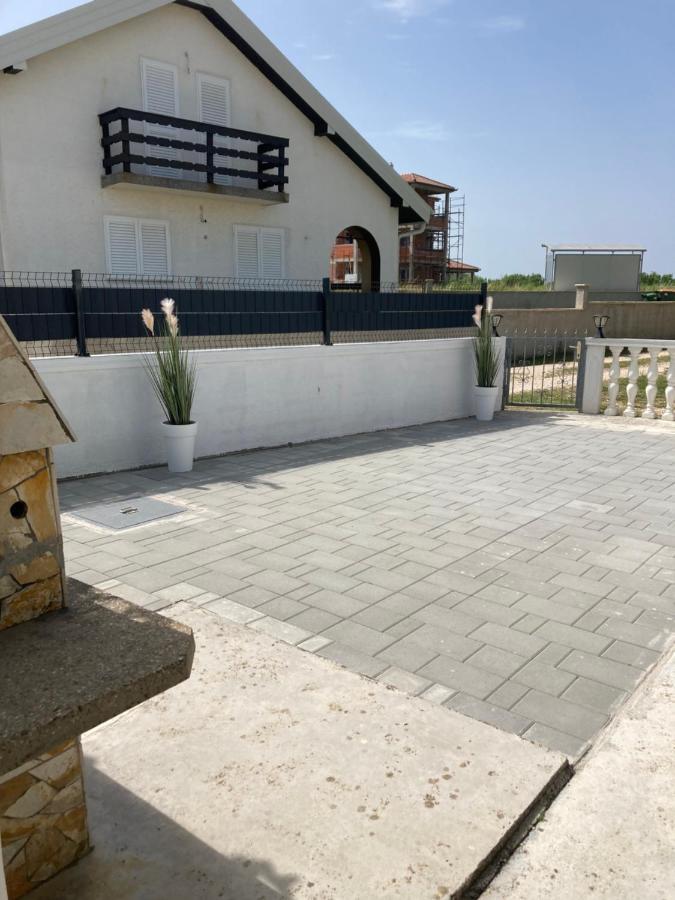 Apartmani Dorijan Vrsi Dış mekan fotoğraf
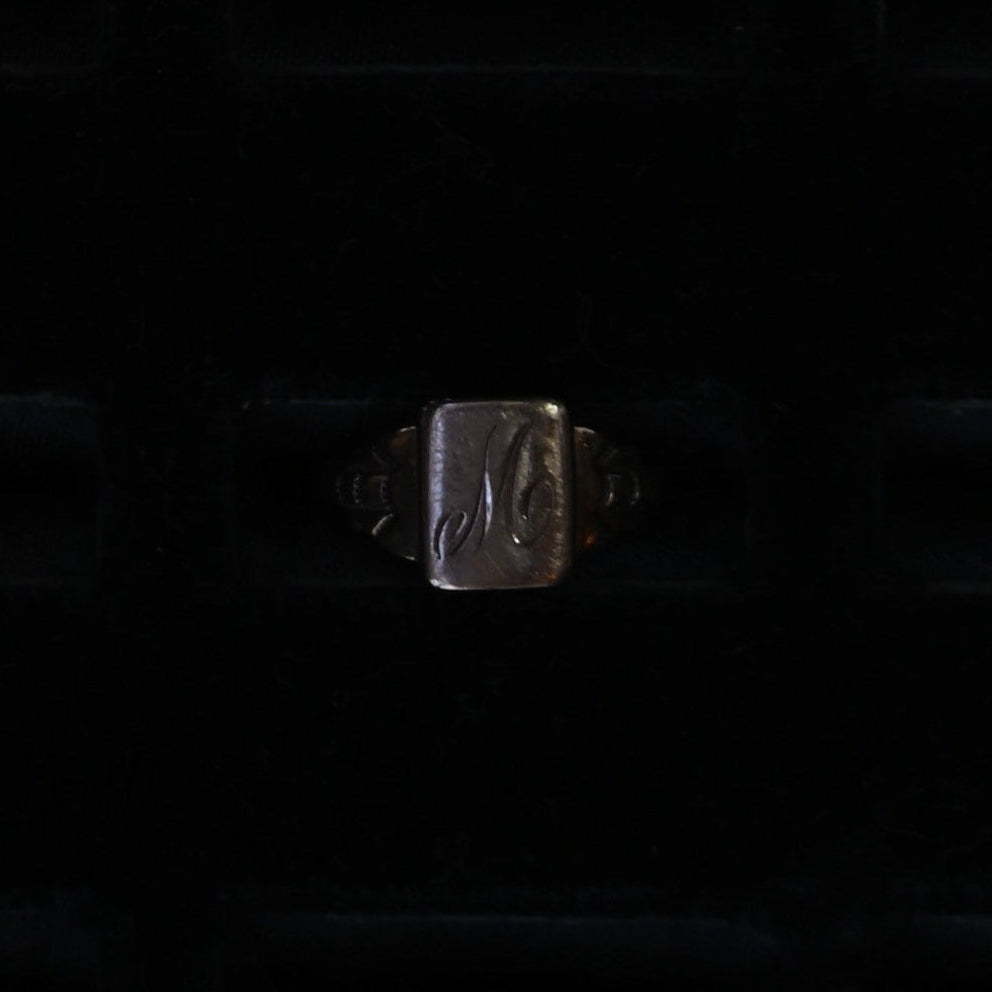 10k Signet Ring "M" ｛RM-00303｝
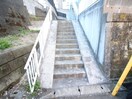 エントランス部分 岩崎ハイツ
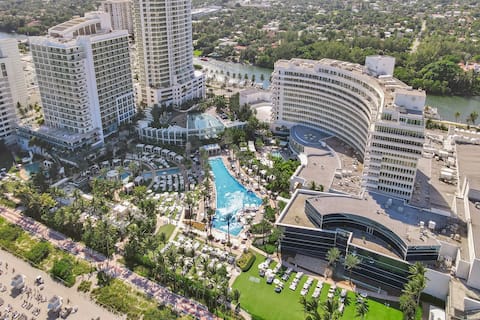 3 units suite/4 bath in Fontainebleau Hotel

.....

Try it:
An exact copy of the listing is needed, minus its pictures.

Solution to the problem:
 Apartmani Dorijan Vrsi Dış mekan fotoğraf
 10k Signet Ring "M" ｛RM-00303｝
 エントランス部分 岩崎ハイツ
 3 units suite/4 bath in Fontainebleau Hotel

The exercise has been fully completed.